Por outro lado, momentos de respiro poético são estrategicamente colocados ao longo da montagem, como os trechos em que pontos de terreiro ecoam pela sala.”Cemitério é praça linda mas ninguém quer passear”, um ponto de Maria Padilha. A trilha sonora, assinada por Dani Nega, é elemento fundamental nesse aspecto. Esses instantes de interrelação cultural funcionam como contraponto à densidade do texto e das temáticas abordadas, oferecem à plateia momentos de contemplação, na tríade “do que se vê, de quem vê, e o que é imaginado”, situando a subjetividade do protagonista em um contexto de violências históricas, mas também de resistência ancestral.

A atuação de Rodrigo França é marcada pela entrega emocional, sendo a única âncora narrativa: confere à peça uma intensidade enérgica constante. A escolha pela declamação expressiva oferece uma cadência linear à montagem. França transita entre o texto “original” e as reflexões contemporâneas, costurando um personagem que é ao mesmo tempo universal e particular. 

A cenografia contribui para destacar a performance e o texto. Elementos simbólicos são utilizados com parcimônia, permitindo que a narrativa se construa principalmente por meio da palavra e da presença cênica. “Isso aqui é um crânio de um dentista, isso aqui é um crânio de uma professora, esse aqui é um crânio de diretor de teatro”, diz enquanto apanha e observa canhões de luz cênica. Tal caráter intimista aproxima o público de um diálogo, um espaço de escuta e despretensão.

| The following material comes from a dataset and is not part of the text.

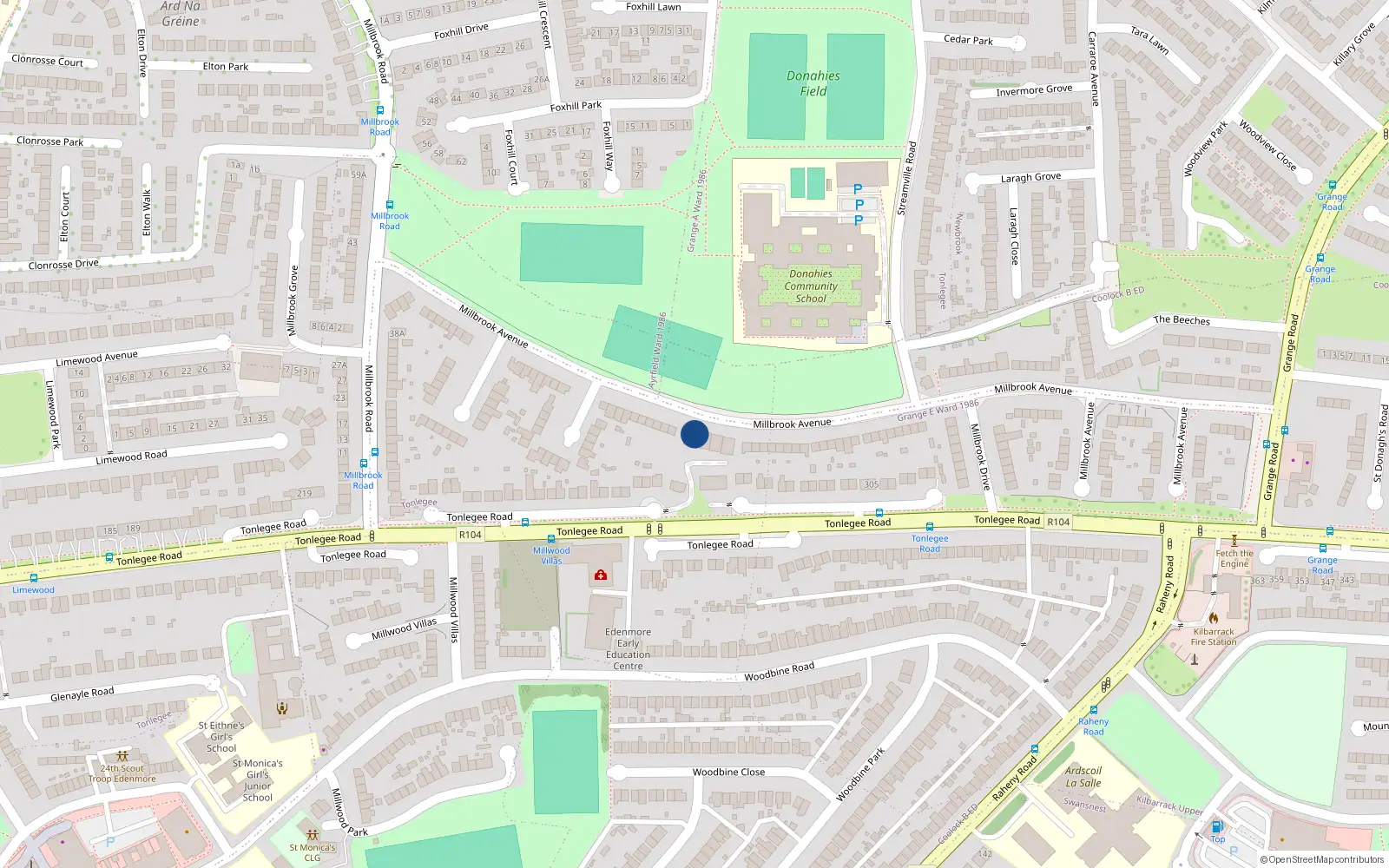 Overhead map showing the location of 7 The Gables, Dublin 5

Ao final, Rodrigo retira as pomposas vestes para reivindicar uma outra performatividade, na matriz afro-brasileira do artista, longe da rigidez declamada europeia. Ressuscitando os fantasmas anglicanos do universo shakespeariano e os colidindo com expressões, raízes socioculturais intrinsecamente brasileiras, a redenção do personagem é uma provocação, uma sugestão que invita a refletir sobre os papeis na nossa sociedade e suas respectivas operações de poder.

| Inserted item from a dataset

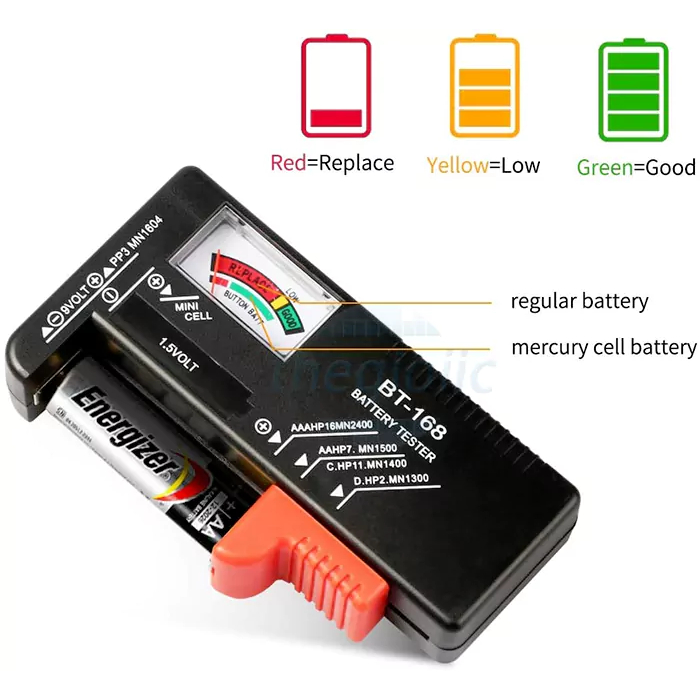 Máy kiểm tra pin AA/ AAA/ C/ D/ 9V/ 1.5V sử dụng tiện lợi - BT 168 Bộ Kiểm Tra Dung Lượng Pin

O suor escorre, as luzes piscam e em alguns ritmos a dança é ardilosa, o verbo tropeça na boca impedida de dá-lo. O homem não está mais lá, apenas o corpo dele. O homem está lá, em corpo e ação. “Eu Sou Um Hamlet” reafirma a reflexão sobre o poder, algumas de suas engendragens e podridões, mas sobretudo sobre poder fazer do teatro a reflexão da própria condição, do que define a trajetória de um homem no mundo, o que faz sê-lo ou deixe que ele não seja mais.